Por eso no es en absoluto casual que la totalidad de estas plataformas pongan tanto énfasis en la batalla de las ideas y se jacten de no tener complejos frente a la denominada hegemonía cultural progresista. Porque saben que por esa senda tensionan a las diversas sensibilidades que conviven en los partidos populares, agitan sus disensiones internas y relegan a un segundo plano a los sectores más liberales cuando se trata de confrontar con los partidos de izquierdas -especialmente si estos están en el gobierno. También porque la batalla de las ideas permite situar el foco sobre valores específicamente conservadores, y poner de moda una nueva variante de tradicionalismo que se enarbola frente a un Estado que lo invadiría todo y un progresismo que moralizaría cualquier acto de la vida cotidiana.
La nueva derecha radical actúa persuadida de que, puestos ante esta disyuntiva, los partidos democristianos titubean y les tiemblan las piernas. Y que son precisamente esas dudas las que permiten a formaciones como la de Giorgia Meloni tener esperanzas de liderar primero ideológicamente, luego políticamente y a la postre electoralmente todo el bloque de la derecha. Porque al final, en la inmensa mayoría de las ocasiones, hartos de parecer cohibidos y de dar bandazos -y el caso de Pablo Casado en España constituye un excelente ejemplo de ello-, liberales y conservadores terminan, o bien cediendo la iniciativa política a la derecha radical, o bien imitándola de modo descarnado. En uno y otro caso, el control de la agenda de la derecha -la elección de qué dice y de cómo lo dice- pertenece a los radicales.

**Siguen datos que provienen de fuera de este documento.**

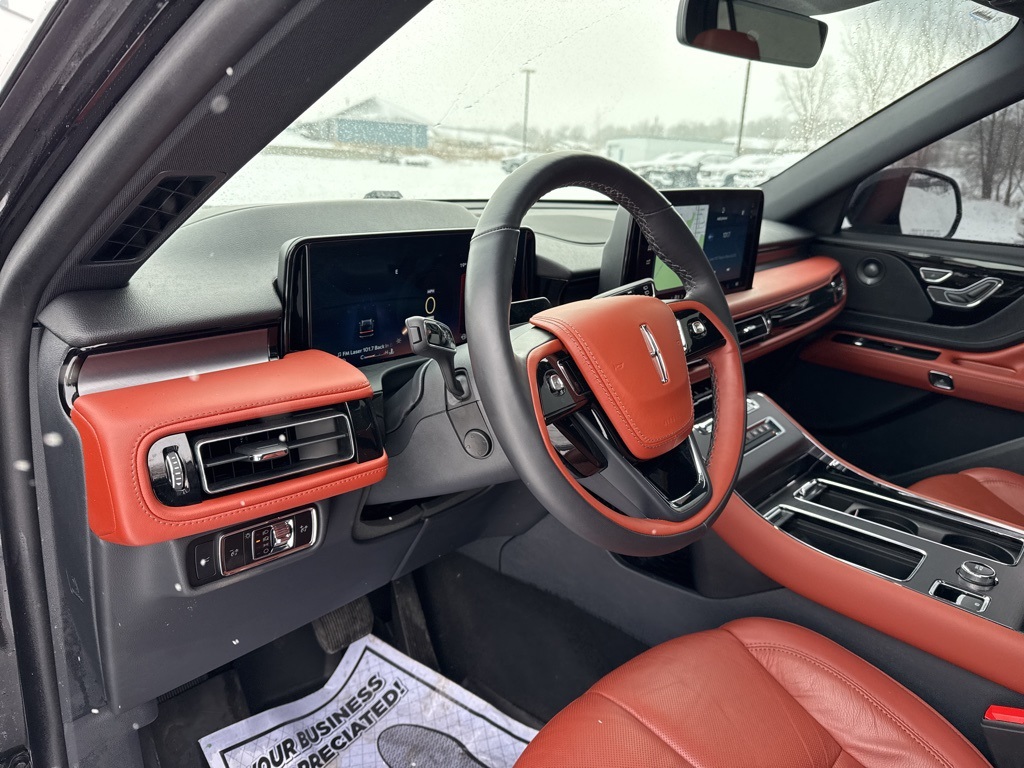 2025 Lincoln Aviator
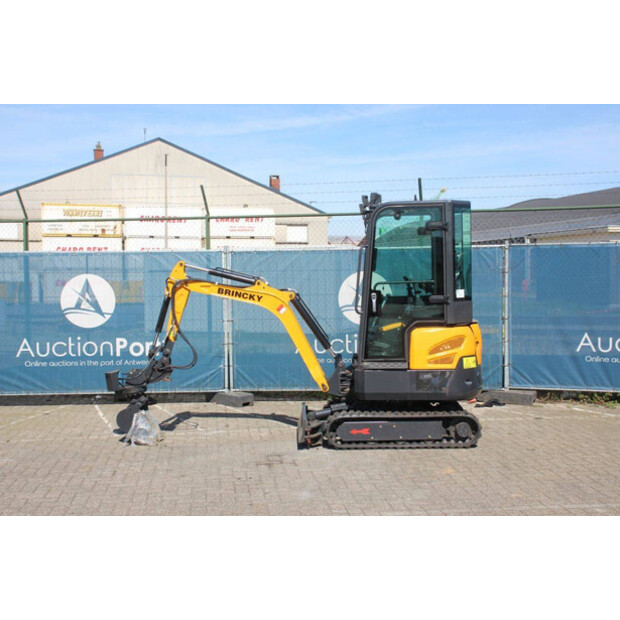2022 Brincky HFT20-3A-46701164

De modo que denominar “centro-derecha” a la coalición liderada por Hermanos de Italia no solo resulta cuestionable desde el punto de vista ético y político, sino que además opaca la dinámica de competencia interna que se está desarrollando dentro del bloque de la derecha en la gran mayoría de los países europeos. Esta fórmula tradicional tan empleada a lo largo de los últimos días no permite observar la operación estratégica que está poniendo en marcha la derecha radical en países como Italia, Francia, Suecia, España o Chile. Y no solo arroja confusión y normaliza lo extraordinario, sino que además le regala el privilegio de una posición políticamente bien considerada a las nuevas terminales del neoconservadurismo europeo. Ante un error de esta magnitud, no cabe -o no debería volver a caber- escudarse en las inercias nominativas del pasado.